**Exercise instructions**
Would you print all of the records below exactly, without skipping any?

**Short text fragments from websites**
BEGIN
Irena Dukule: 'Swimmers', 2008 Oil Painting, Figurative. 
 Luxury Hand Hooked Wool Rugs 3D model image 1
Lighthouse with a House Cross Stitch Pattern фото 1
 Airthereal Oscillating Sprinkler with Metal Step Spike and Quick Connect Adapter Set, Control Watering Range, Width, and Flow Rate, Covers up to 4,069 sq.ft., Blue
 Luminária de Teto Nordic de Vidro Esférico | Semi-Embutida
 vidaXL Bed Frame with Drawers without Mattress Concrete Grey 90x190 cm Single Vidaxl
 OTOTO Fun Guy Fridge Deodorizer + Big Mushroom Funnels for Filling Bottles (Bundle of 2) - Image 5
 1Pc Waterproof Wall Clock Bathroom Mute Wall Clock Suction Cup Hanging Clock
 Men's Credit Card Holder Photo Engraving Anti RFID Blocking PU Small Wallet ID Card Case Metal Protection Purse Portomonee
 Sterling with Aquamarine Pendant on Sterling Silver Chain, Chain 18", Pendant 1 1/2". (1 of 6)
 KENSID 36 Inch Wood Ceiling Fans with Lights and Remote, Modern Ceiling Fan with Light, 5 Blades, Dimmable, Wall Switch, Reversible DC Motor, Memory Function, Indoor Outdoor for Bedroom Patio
END
**Solution below**
Irena Dukule: 'Swimmers', 2008 Oil Painting, Figurative. 
 Luxury Hand Hooked Wool Rugs 3D model image 1
Lighthouse with a House Cross Stitch Pattern фото 1
 Airthereal Oscillating Sprinkler with Metal Step Spike and Quick Connect Adapter Set, Control Watering Range, Width, and Flow Rate, Covers up to 4,069 sq.ft., Blue
 Luminária de Teto Nordic de Vidro Esférico | Semi-Embutida
 vidaXL Bed Frame with Drawers without Mattress Concrete Grey 90x190 cm Single Vidaxl
 OTOTO Fun Guy Fridge Deodorizer + Big Mushroom Funnels for Filling Bottles (Bundle of 2) - Image 5
 1Pc Waterproof Wall Clock Bathroom Mute Wall Clock Suction Cup Hanging Clock
 Men's Credit Card Holder Photo Engraving Anti RFID Blocking PU Small Wallet ID Card Case Metal Protection Purse Portomonee
 Sterling with Aquamarine Pendant on Sterling Silver Chain, Chain 18", Pendant 1 1/2". (1 of 6)
 KENSID 36 Inch Wood Ceiling Fans with Lights and Remote, Modern Ceiling Fan with Light, 5 Blades, Dimmable, Wall Switch, Reversible DC Motor, Memory Function, Indoor Outdoor for Bedroom Patio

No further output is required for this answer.